→ **YOUR OBJECTIVE**: Please output the data exactly, minus pictures.

→ **DATASET SECTION**:
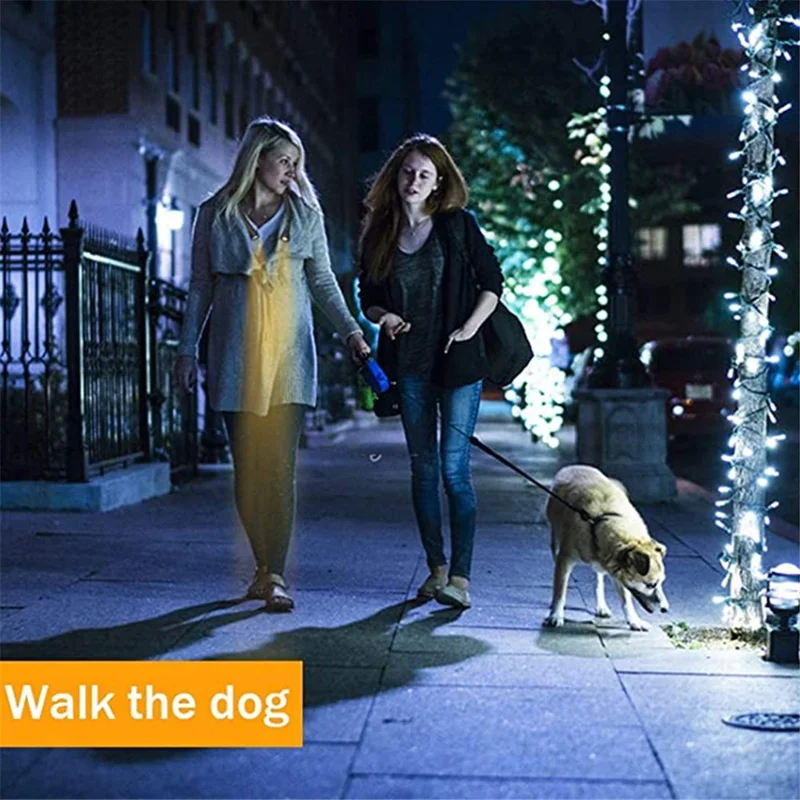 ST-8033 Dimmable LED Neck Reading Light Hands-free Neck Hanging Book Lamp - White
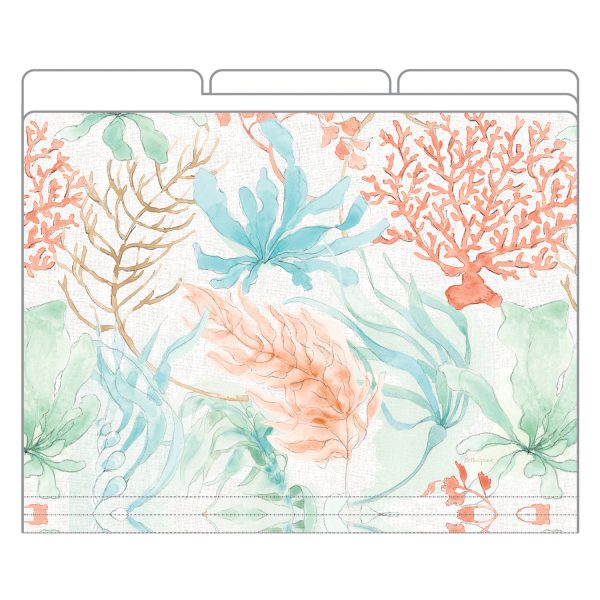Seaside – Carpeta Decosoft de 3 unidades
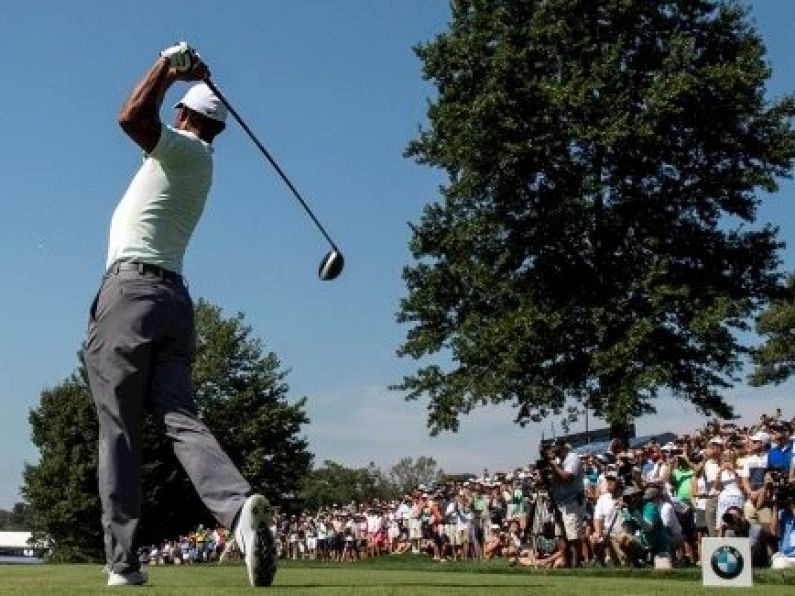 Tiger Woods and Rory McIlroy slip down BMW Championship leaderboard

→ **ANSWER BOX**:
 ST-8033 Dimmable LED Neck Reading Light Hands-free Neck Hanging Book Lamp - White
Seaside – Carpeta Decosoft de 3 unidades
 Tiger Woods and Rory McIlroy slip down BMW Championship leaderboard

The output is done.